Can you open up a bit about your work and career? We’re big fans and we’d love for our community to learn more about your work.
The story begins on the inside–about remembering my journey–from the moment I left Homeland: Neighborhood Cultural Center after that first poetry workshop with Manazar Gamboa. I wanted to stop on the 710 Freeway North to write the lines that were streaming through my head. Poetry was spilling into the car, and I finally got off at my exit, parked in front of a 7/11 and began to write. That was in 1990. It went from that passion to “now what?” Those years were full of uncertainty, an on again/off again job with an education non-profit that taught me a lot of how to run my own business, and learning how to speak about my work as an arts educator, getting contracts, waiting and waiting, and then understanding that any project I was interested in had to start with dipping my toes in first. For the longest time I had three resumes: one for administrative jobs, another for poetry and arts education, and one more for my work as the founder and co-director of the Armenian Dress & Textile Project. All three resumes addressed various skills and experiences in the field, but as time passed I realized I acquired–over decades of work–the potential to integrate all of those skills and that made me stronger, I believed in myself more, trusted the actions that I was taking while all of this connected me with a wider community. My business, POETRY CONSULTS, is a culmination of my years honing my practice and developing how I wanted to make impact in the community in classrooms, museums and businesses.

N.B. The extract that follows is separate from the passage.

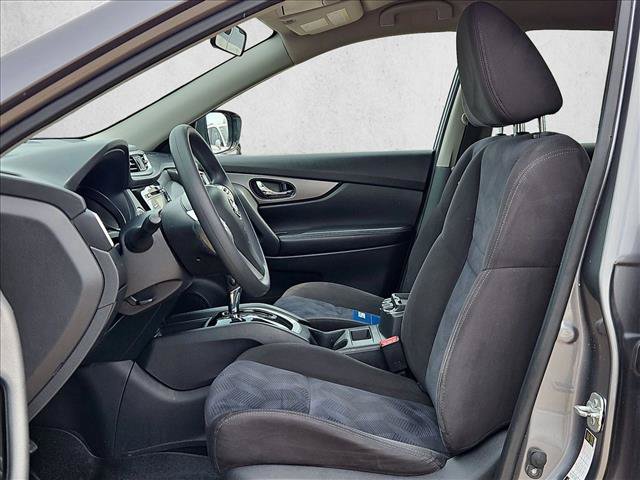 Used 2015 Nissan Rogue SV FWD image 14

Those 30 years led to many poetry readings throughout Los Angeles, publication in journals as well as my first book, “IMPRINT”, and as a contributor to Birthmark: a bilingual anthology of Armenian-American poetry. My creative practice now includes research in physics, neuroscience and how it relates to subjects in my poems, how one learns to write poetry, and what lights up in our brain when we do. My interest and enthusiasm to include a more multidisciplinary approach–to both writing and teaching–is elevated because as I’ve deepened my practice, my own world view has expanded.

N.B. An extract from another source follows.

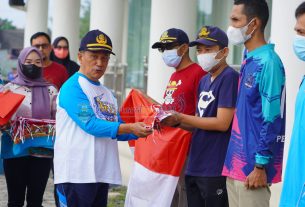 Meriahkan HUT RI Ke-77 Wabup Bagikan Seribu (1000) Bendera Merah Putih.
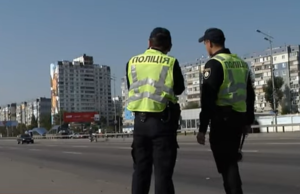 Під час воєнного стану правил для зупинки авто більше: що варто знати водіям Поліція / Фото з відкритих джерел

My observations into nature, memory and the lack of memory, my commitment as a culture bearer in the Armenian diaspora, and the process of aging shape my need to create greater impact through poetry, and my vision of engaging the community-at-large through writing, editing, and reciting poetry as a means to lead in one’s life. In fact, a leadership and literacy program is how I am now dipping my toe in first.

This vision is a compelling path for me, and how I’ve chosen to live in the world. Writing poetry forms a symbiotic relationship that enhances my work, leads me to subjects and observations that are more acute, and provides the questions asked in my poems. In my new manuscript: “Ardemis and the Book of Questions” I am led by the everyday occurrences that form into the questions we all ask. It is both a testament to a life lived through poetry, and a life still uncertain, yet, curious for the road ahead.

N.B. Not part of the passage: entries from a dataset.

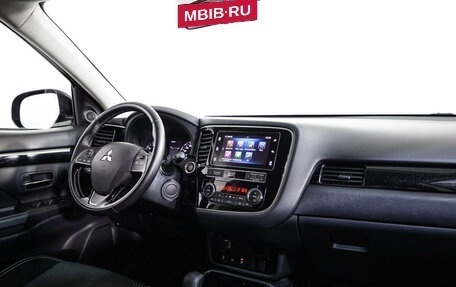 Mitsubishi Outlander III рестайлинг 3, 2020 год, 2 489 000 рублей, 10 фотография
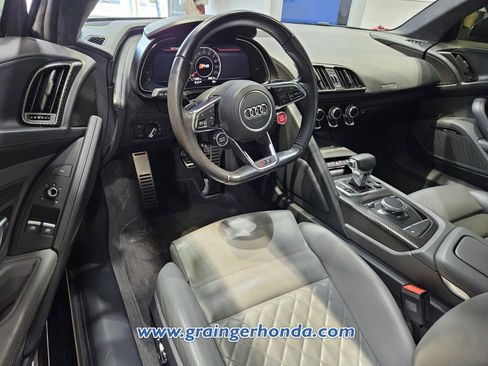 Used 2017 Audi R8 V10 image 11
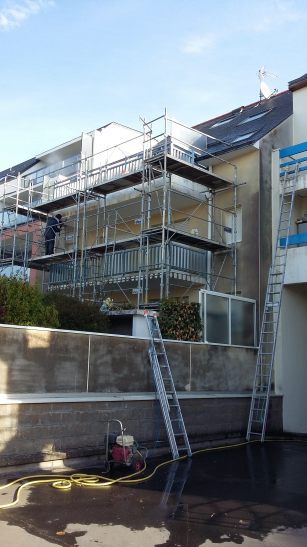 Peintre décorateur sur La Baule Pornichet Presqu‘île Guérandaise, Quellard peinture réalise vos travaux de peinture tels que ravalement de façades, peinture intérieure et extérieure, peinture boiseries, home staging, revêtement de sols, papier peint et entretien de toiture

I write everyday; even for 10 minutes. Consistent and timely, it is the golden thread that binds my work, and builds a collective memory to continue the process of editing, rewriting and opening up to new work. Opening up to new work includes using poetry as a vehicle to produce both visual and multimedia art to engage the public through exhibitions and poetry readings. It also means addressing the power of process in creating art in a new venture: “Pairings: A Poetry Experiment” that bridges my creative practice with my research in neuroscience, and its power for the community-at-large.

The power of where I come from and my relationship to my ancestors also informs my work and allows me to rediscover the connections to my past; an arch that reaches both backwards and forwards to the future. I am a poet; a woman, and of Armenian origin. My ethnic background is enhanced because it is one of three elements that travel that arch. Through this journey I’ve discovered the stories of my ancestors. I grew up in New Jersey, later moved to work in Washington, D.C. for my first job out of college, and have now lived in California for more than 30 years. It is here that my roots grow and that my work deepens and addresses the arch of ancestry, aging, time, and memory in a second manuscript titled: “I Want to Wrap Myself in Grapeleaves.” My service through the words of my poems, and my commitment as an arts educator and arts advocate is to lead through poetry, and to have others discover their voice and how they can use it to lead in their own lives.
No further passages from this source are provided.